Title of Submission
Higher Order Tsunami Simulations and Novel Solution Methods
Degree Program
Computing, PhD
Major Advisor Name
Donna Calhoun
Type of Submission
Scholarly Poster
Abstract
Often caused with little to no warning, tsunamis can cause devastating damage to coastal cities and island communities. When a tsunami occurs, it is imperative for first responders and public safety officials to have accurate information about where the tsunami will make landfall and how big the waves are projected to be. Tsunamis can be modeled using a set of equations called the Shallow Water Equations, derived from the Navier-Stokes equations for fluid momentum. A higher order model called the Dispersive Shallow Water Equations can be formulated with a higher order analysis from the Navier-Stokes equations. Although this higher order model is more accurate and captures better physics, it is more computationally expensive to work with.

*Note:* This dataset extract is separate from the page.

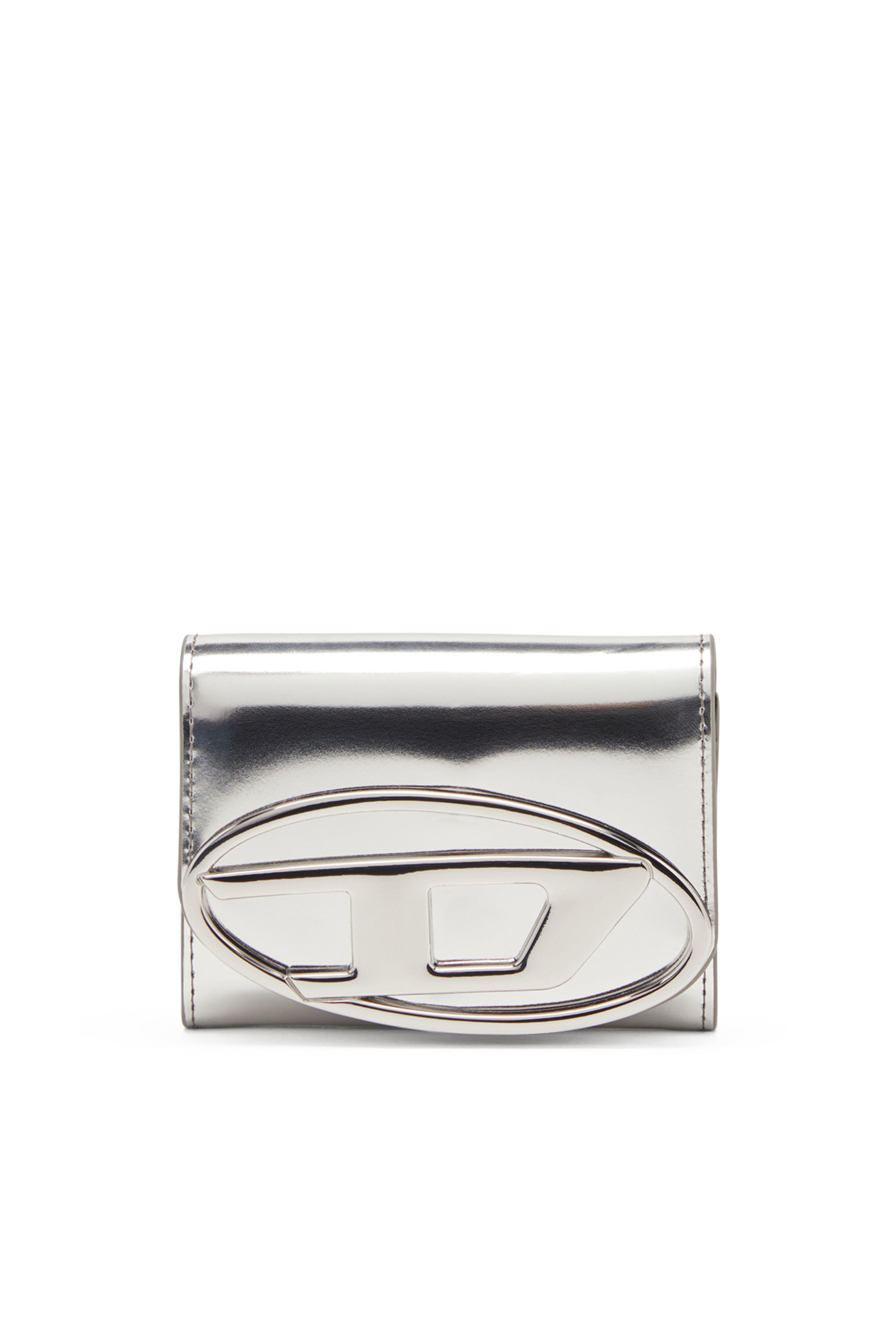 【DIESEL】1dr card holder bi-fold zip iii Women's Bi-fold card holder in mirrored leather | Black | Diesel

To efficiently solve the Dispersive Shallow Water Equations, we are implementing a novel partial differential equation (PDE) solver called the Hierarchical Poincaré-Steklov (HPS) method. The HPS method is a direct solver for elliptic PDEs that works by building a global solution operator by recursively merging small sections of the grid called patches. We are implementing the HPS method to work with a technique called adaptive mesh refinement (AMR) to allow the user to solve with high resolution where needed, and low resolution where not needed. We show that our current implementation is comparable in speed and accuracy to the highly efficient FISHPACK solver for elliptic PDEs. We are currently working on implementing the HPS method in parallel on CPUs and GPUs to run on supercomputer architectures.